### Description of the task
Write out the data exactly as given, dropping every picture.

### Source material
========

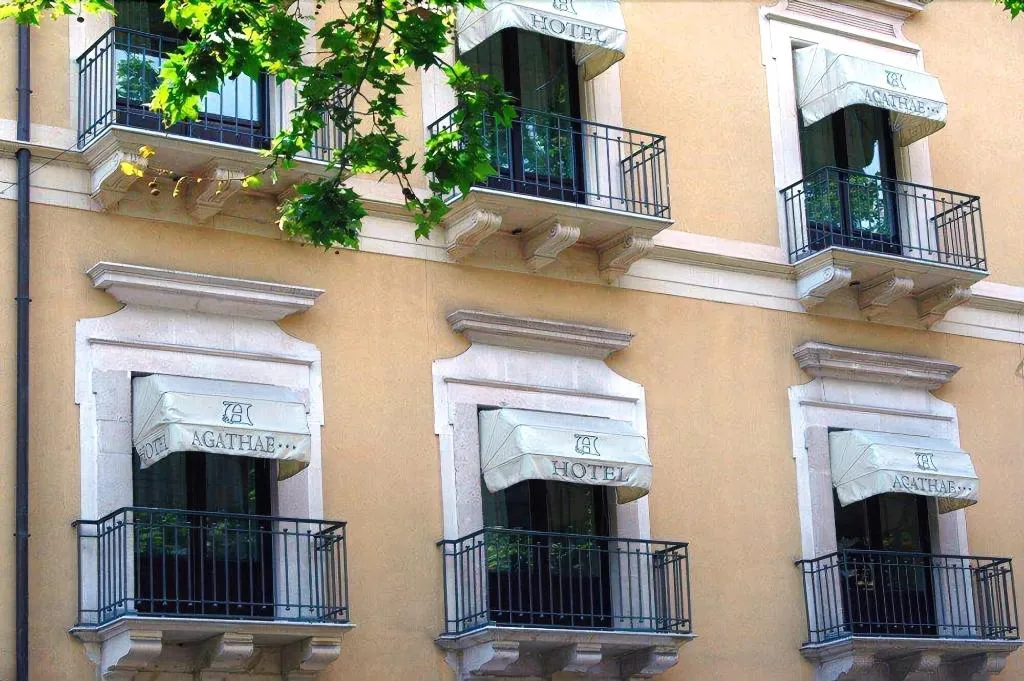 General view, Hotel Agathae, Catania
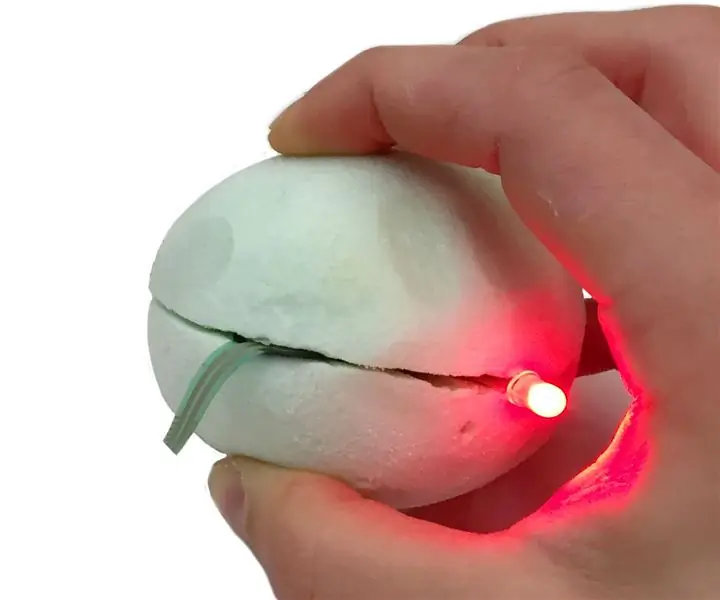 „TfCD Smart Stress Ball“: 6 žingsniai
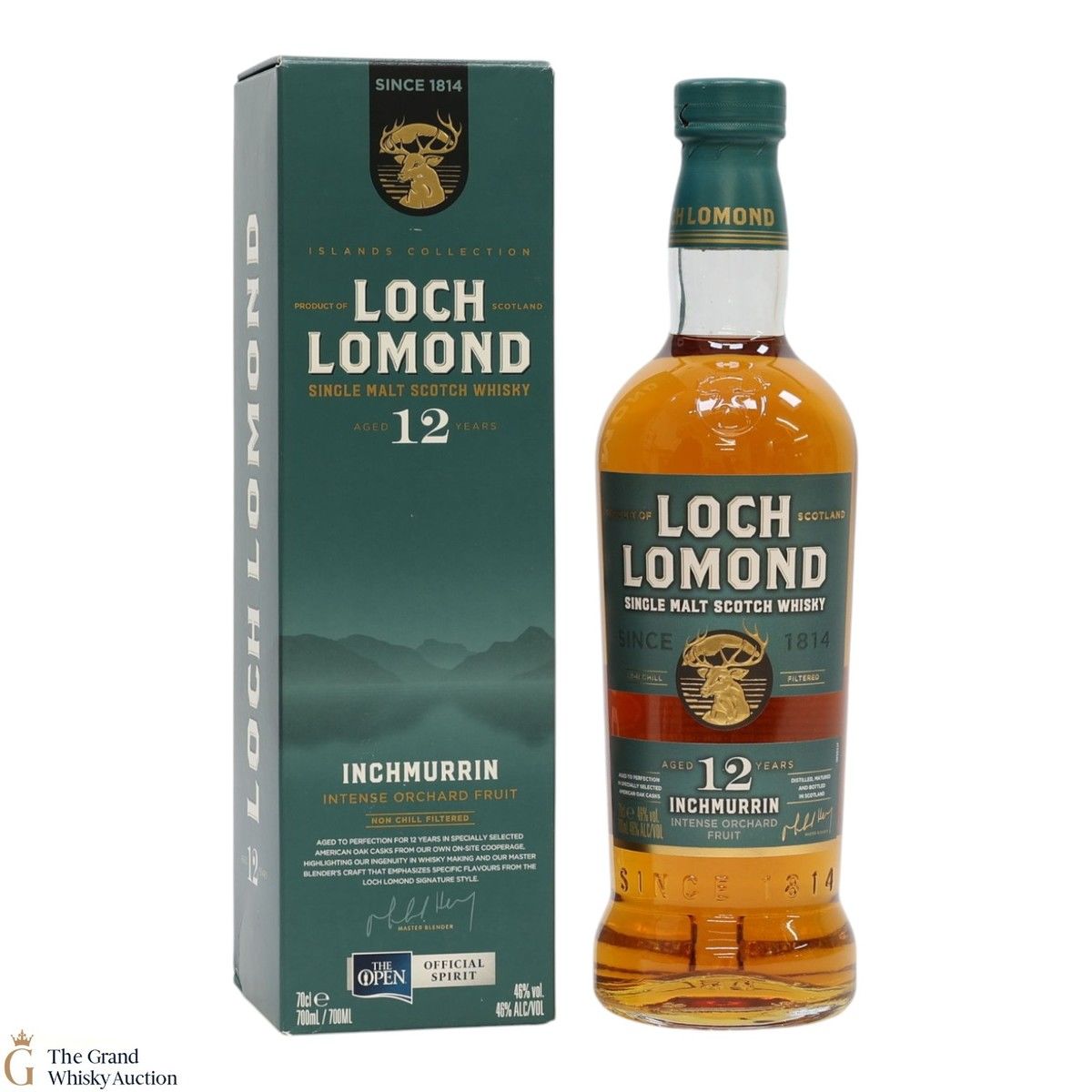 Loch Lomond - 12 Year Old - Inchmurrin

========

### Answer to this problem
 General view, Hotel Agathae, Catania
 „TfCD Smart Stress Ball“: 6 žingsniai
 Loch Lomond - 12 Year Old - Inchmurrin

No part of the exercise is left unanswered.